*** The data Section Begins ***
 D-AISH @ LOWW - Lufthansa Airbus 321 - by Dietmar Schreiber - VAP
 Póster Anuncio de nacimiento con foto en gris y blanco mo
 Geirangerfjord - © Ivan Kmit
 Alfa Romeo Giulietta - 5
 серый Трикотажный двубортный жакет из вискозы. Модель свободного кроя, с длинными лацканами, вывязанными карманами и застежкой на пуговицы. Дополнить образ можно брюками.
*** The data Section Ends ***
*** The data Section Begins ***
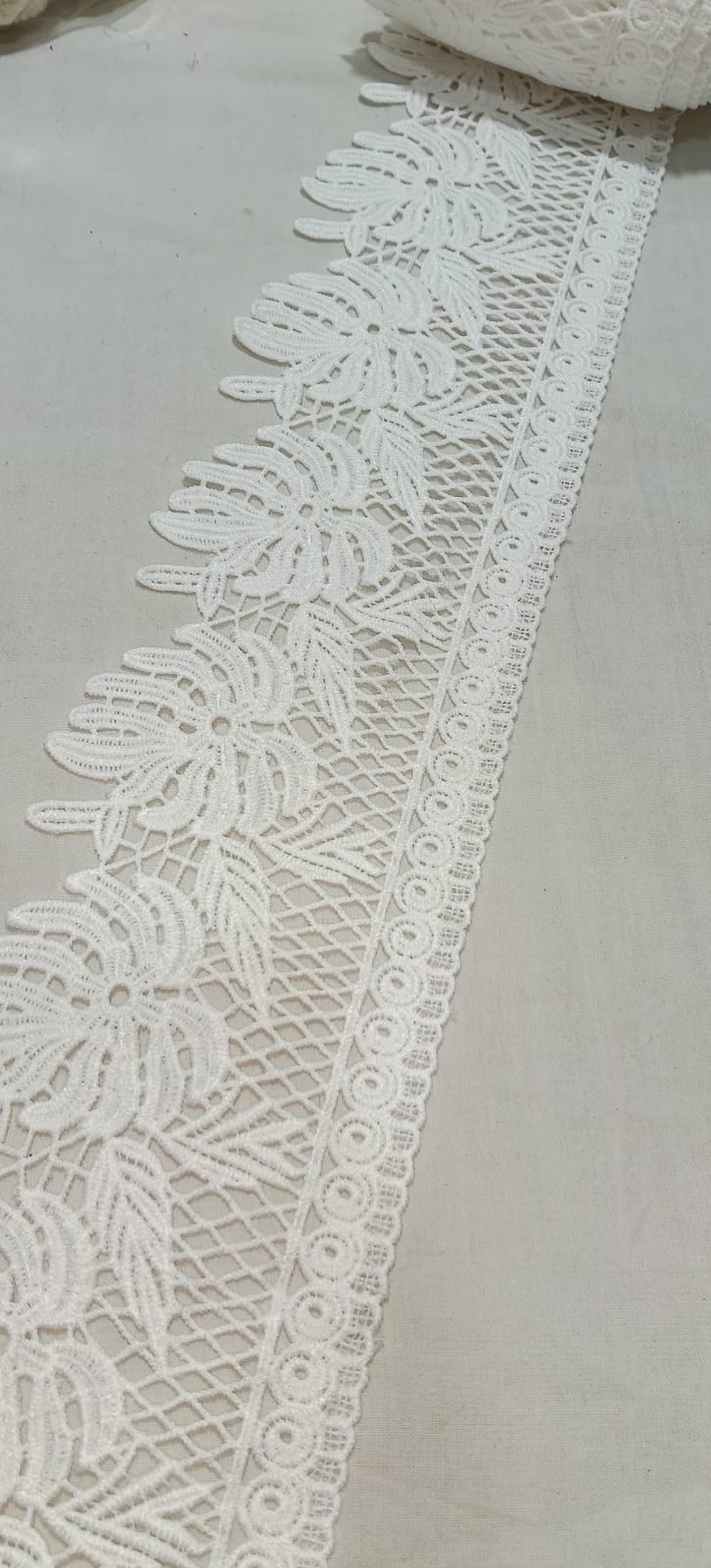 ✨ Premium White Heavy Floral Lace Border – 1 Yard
*** The data Section Ends ***
*** The data Section Begins ***
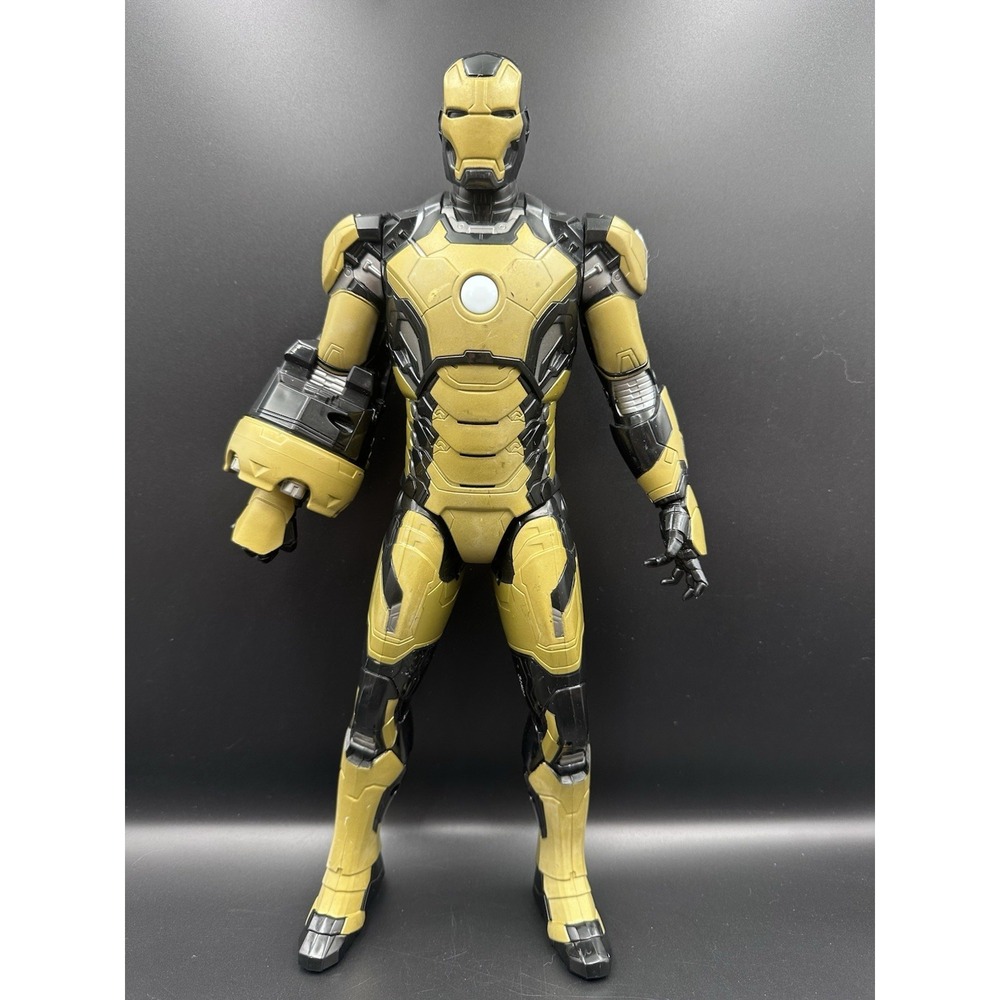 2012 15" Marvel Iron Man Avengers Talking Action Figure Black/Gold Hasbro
*** The data Section Ends ***
__The task__
Copy the lines above exactly. Start with the line containing "Póster Anuncio de", end with the line containing "серый Трикотажный двубортный", and include both.

__Result of the task__
 Póster Anuncio de nacimiento con foto en gris y blanco mo
 Geirangerfjord - © Ivan Kmit
 Alfa Romeo Giulietta - 5
 серый Трикотажный двубортный жакет из вискозы. Модель свободного кроя, с длинными лацканами, вывязанными карманами и застежкой на пуговицы. Дополнить образ можно брюками.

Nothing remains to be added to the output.